# Wer kann mir helfen, "Tentakeln" bzw. "Schmutz" zu erstellen?



## DjMG (27. Dezember 2005)

Guten Morgen liebe Tutorials-Community!

Meine Frage bezieht sich auf meine private Homepage,
die sich gerade im Aufbau befindet. Vorab der Link:

http://danzmeier.da.funpic.de/versuch/index.php

Wie schon angedeutet, wäre am Rand eine Verschönerung sicher nett anzusehen.
Diese Funktionen hab ich aber nicht drauf mit PS.
Also ich bräuchte so Art Tentakel bzw. auch irgendwie "Schmutz"

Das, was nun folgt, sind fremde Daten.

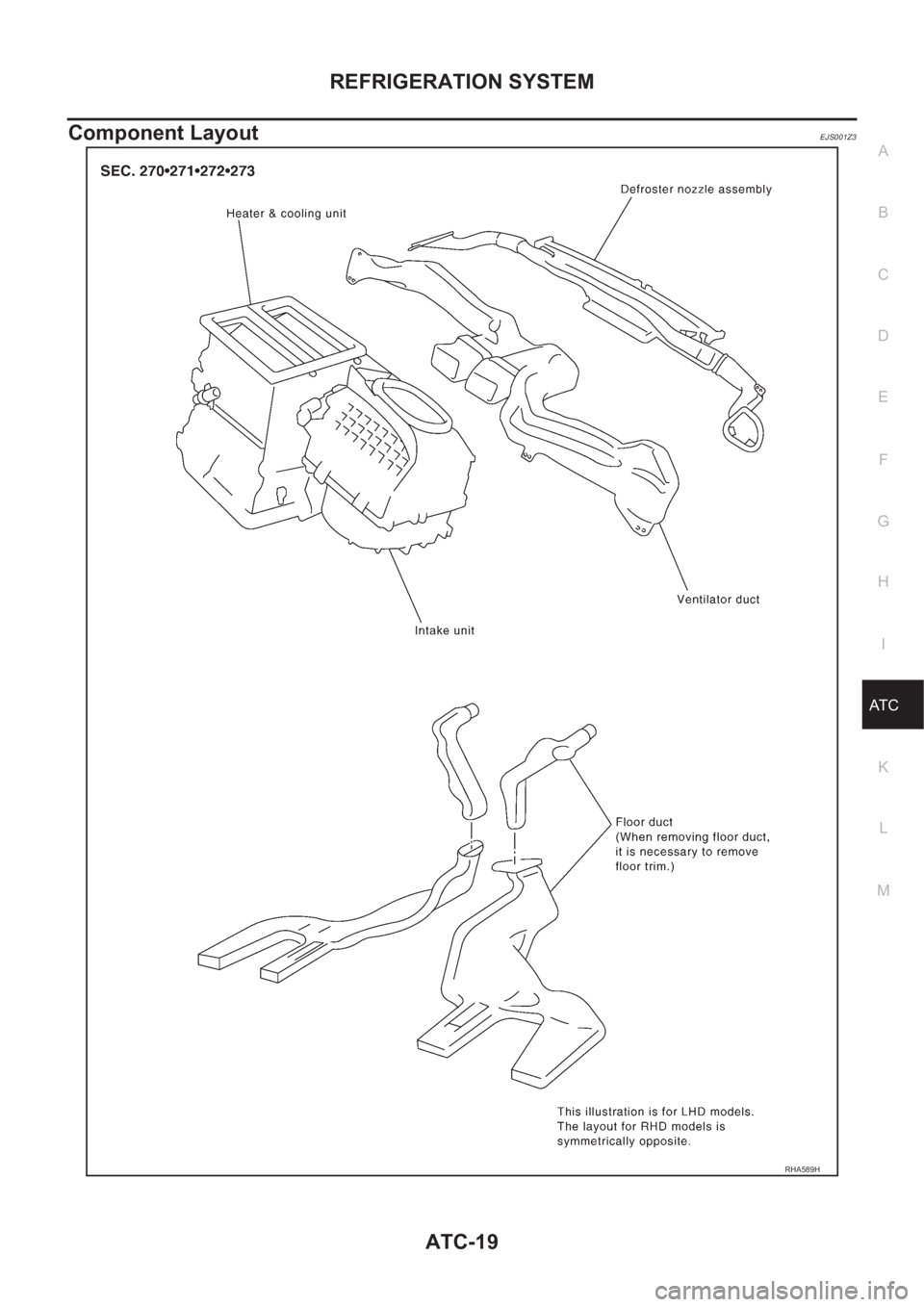 NISSAN ALMERA N16 2003 Electronic Repair Manual REFRIGERATION SYSTEM
ATC-19
C
D
E
F
G
H
I
K
L
MA
B
AT C
Component LayoutEJS001Z3
RHA589H NISSAN ALMERA N16 2003 Electronic Repair Manual REFRIGERATION SYSTEM
ATC-19
C
D
E
F
G
H
I
K
L
MA
B
AT C
Component LayoutEJS001Z3
RHA589H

Ich danke euch für eure Hilfe!!

LG
DjMG


----------



## Rofi (27. Dezember 2005)

Es wäre eine Hilfe, wenn Du etwas mehr beschreiben würdest, wie Du das Aussehen haben möchtest, wie es in etwa aussehen soll.

Eine grobe Skizze könnte auch zur Verdeutlichung helfen. Du könntest die Skizze scannen und als Anhang schicken.

Gruss, Rofi


----------



## DjMG (27. Dezember 2005)

Jo sorry.
Tu mir schon schwer, es zu beschreiben 

So irgendwie, wie auf www.redhotchilipeppers.com o.ä.
Hab jetzt keine zweite Beispiel Seite zur Hand.
Werd mal schnell suchen.

LG
DjMG


----------



## da_Dj (27. Dezember 2005)

Schlicht und ergreifend ein Suchwort, *Grunge*  Es gibt zig Grunge-Brushes und Techniken um diesen "Dirt-Style" hinzubekommen, Forum- und Googlesuche werden da sicherlich 'ne Menge zu ausspucken.


----------



## DjMG (27. Dezember 2005)

thx @ da_Dj

Aber da kommen so viele Suchergebnisse ... da werd ich gerade zu überhäuft 
Kennst du gute Seiten, wo's ganze Packages gibt oder einzelne
gute und eine Vielzahl von "Grunge Brushes"?

LG
DjMG


----------



## da_Dj (27. Dezember 2005)

Mir kommt da grad nur eine Seite in den Sinn, da gehts zwar hauptsächlich um Brushes, aber auch da wirst du evtl. "überhäuft" -> brushes.deviantart.com viel Spaß beim Suchen 
Generell wirst du bei deviantart.com sicher einiges finden, ist aber halt nicht ganz klein die Seite und ein wenig Arbeit in Form von suchen bleibt dir da leider nicht erspart


----------



## Rofi (27. Dezember 2005)

Versuchs mal in google mit:

+grunge +Photoshop

Hab so einige gefunden, welche evtl. OK für Dich sein könnten....


----------



## DjMG (27. Dezember 2005)

Danke für alle Tipps!

Habe schon einige schöne bei deviantart.com gefunden.
Hier ein Zwischenstand:

http://danzmeier.da.funpic.de/versuch/index.php

Was sagt ihr dazu?

LG
DjMG


----------



## Rofi (27. Dezember 2005)

Na das sieht doch schon gar nicht schlecht aus,

wer sucht, der findet!


----------